The main barriers are technology and cost. Lead-acid battery models are cheaper than gasoline motorcycles but have limited range and durability, while advanced lithium-ion battery models remain too expensive for most consumers.
Among Southeast Asian countries, Vietnam has the clearest electrification roadmap. The Vietnamese government has issued an action plan to electrify all transportation by 2050.
In Hanoi, where there are nearly 7 million gasoline motorcycles, the city’s People’s Council approved a resolution on November 26, 2025 to pilot a low-emission zone in the Ring Road 1 area starting July 2026. The plan restricts gasoline motorcycles by time and location as part of a phased transition.
Chinese manufacturers are accelerating investment in local production.

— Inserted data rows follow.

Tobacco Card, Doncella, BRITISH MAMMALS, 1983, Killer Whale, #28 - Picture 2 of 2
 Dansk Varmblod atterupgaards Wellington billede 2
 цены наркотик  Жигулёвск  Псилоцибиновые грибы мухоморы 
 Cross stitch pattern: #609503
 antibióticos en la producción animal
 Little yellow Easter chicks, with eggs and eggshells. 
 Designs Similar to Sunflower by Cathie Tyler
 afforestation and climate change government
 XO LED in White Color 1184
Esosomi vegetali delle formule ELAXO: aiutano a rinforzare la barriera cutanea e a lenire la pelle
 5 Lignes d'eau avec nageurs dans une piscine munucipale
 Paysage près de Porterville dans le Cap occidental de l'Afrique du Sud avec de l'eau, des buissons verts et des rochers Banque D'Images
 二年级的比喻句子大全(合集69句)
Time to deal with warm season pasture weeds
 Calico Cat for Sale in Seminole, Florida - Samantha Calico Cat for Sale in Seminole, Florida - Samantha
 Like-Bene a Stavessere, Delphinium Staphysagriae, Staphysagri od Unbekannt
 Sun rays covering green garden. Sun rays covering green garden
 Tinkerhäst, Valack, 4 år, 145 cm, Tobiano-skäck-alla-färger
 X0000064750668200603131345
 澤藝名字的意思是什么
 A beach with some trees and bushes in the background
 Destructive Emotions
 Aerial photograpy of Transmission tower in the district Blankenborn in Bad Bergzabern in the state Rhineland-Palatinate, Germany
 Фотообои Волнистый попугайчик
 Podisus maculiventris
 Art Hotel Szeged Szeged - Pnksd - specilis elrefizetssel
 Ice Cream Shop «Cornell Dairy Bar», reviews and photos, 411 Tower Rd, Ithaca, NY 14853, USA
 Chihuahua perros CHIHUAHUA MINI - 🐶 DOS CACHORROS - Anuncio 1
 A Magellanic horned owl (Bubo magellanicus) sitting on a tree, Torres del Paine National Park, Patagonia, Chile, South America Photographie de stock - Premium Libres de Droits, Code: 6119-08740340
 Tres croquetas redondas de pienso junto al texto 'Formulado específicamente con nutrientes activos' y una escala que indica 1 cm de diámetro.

Yadea Group identified Southeast Asia as a strategic priority in its 2025 annual report and inaugurated a plant in Bac Ninh province with capacity of 1 million motorcycles per year in early 2026, supplementing its existing facility in the province (previously Bac Giang). Tailg began operating a plant in Hung Yen province in August 2024 with a designed capacity of 350,000 motorcycles per year.
Foreign revenue from the overseas market for Yadea still accounts for less than 10% of total revenue in 2025, indicating potential for further growth in Southeast Asia.